I remember reading about that - the safety of that admission, the way it removes the burden of strength. This isn't about willpower anymore. This is about letting all the scales and with them shackles fall, and building myself back up. I don't feel like I'm doing this alone. The first year, I really did.
I've been praying every morning and every night. At first I resisted. I didn't want to pray -- not believing in God makes the whole thing a little awkward -- but my sponsor told me to do it anyway. So I did. I just realize I wrote about it so many months ago, the first time I prayed. Now I do it automatically, catching myself on the subway sometimes with a few awake hours without a prayer, and I'll do it, quietly. This morning I really prayed, stopped in the bathroom, folded my hands together, my head down. I hadn't done that before.
It's helped. Things that used to set me off, I remember the serenity prayer now. It doesn't always bring serenity -- we're sober, not saints -- but it helped yesterday when mail with my partner's ex-wife's (a subject I'm very excitable about) name on it came. I wanted to be vindictive and lash out but instead I just said the prayer to myself. Things I cannot change. (That fact.) Things I can. (My attitude.)
I've been reaching out to people after meetings, introducing myself, inviting them to coffee. It's so strange to see people who are where I was such a short time ago, but to feel like I've come far enough to be able to approach them. I still run away sometimes, kick myself after a share I thought was dumb, or too funny, or not funny enough, or too performative, or too quiet. I'm starting to share my experience and my hope. The strength will come in there somewhere.
So it's silly I haven't written for so long. And I want to do better. I get tired of the progress sometimes. So much responsibility. So much thinking about what I've done and what I want to do and how I can do better. I oscillate between feeling gratitude and oppression. I have moments where I feel so incredibly lucky, so beyond imaginably blessed, first to be sober and second to be an alcoholic so that I have the chance to be sober. And then I have moments where I can't stand the thought of walking to another meeting, of raising my hand and not being called on, or being called on. But those are smaller and the former are larger.
This is turning into a long after-the-fact story. I'll keep it to this for today. One day at a time, one problem at a time, one post at a time.
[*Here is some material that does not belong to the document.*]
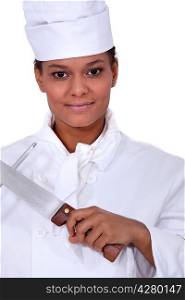 Female chef sharpening a knife
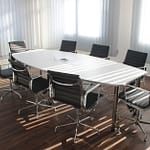 white wooden table with chairs set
Thank you for keeping me sober today.
2 comments:
Glad to see you are back. You are on my blogroll if you would like to come by and meet some other recovery bloggers.
kudos on your success!
the major difference i found in getting to year 2 was the
lack of celebration with each 3 month
milestone. my best advice is skip
the rehab meetings and look for rooms with people with some long term sobriety. it's like tennis;
if you want to get better, play with folks who have more experience.